_Task to complete_
Print the lines below from the line with "Nataliya Singh online show from 8, 4, 2026" to the line with "智健跳绳打卡版下载-智健跳绳定制版v1.1.5 安卓版 智健跳绳打卡版下载-智健跳绳定制版v1.1.5" exactly, keeping both ends, and print no pictures.

_The input_
....

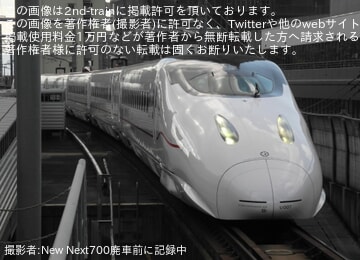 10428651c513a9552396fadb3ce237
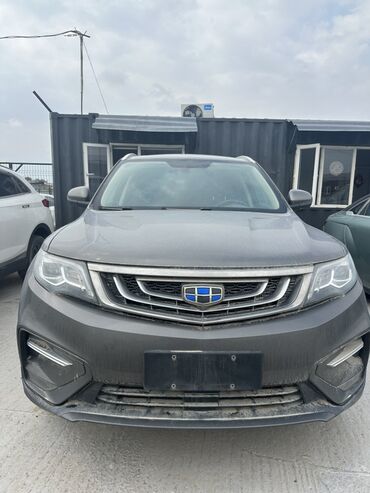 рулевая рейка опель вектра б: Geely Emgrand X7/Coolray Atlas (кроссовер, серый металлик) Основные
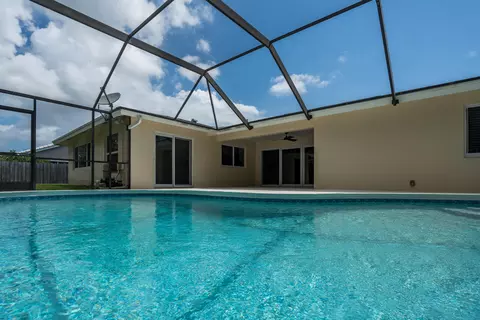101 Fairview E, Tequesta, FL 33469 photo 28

....

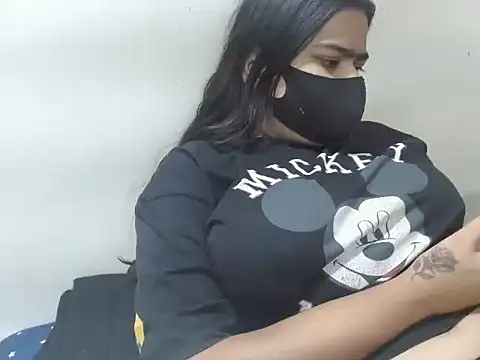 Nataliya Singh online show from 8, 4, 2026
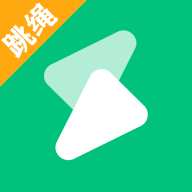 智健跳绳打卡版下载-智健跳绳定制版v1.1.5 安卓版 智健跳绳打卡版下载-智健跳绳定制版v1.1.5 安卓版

....

_Written reply_
 Nataliya Singh online show from 8, 4, 2026
 智健跳绳打卡版下载-智健跳绳定制版v1.1.5 安卓版 智健跳绳打卡版下载-智健跳绳定制版v1.1.5 安卓版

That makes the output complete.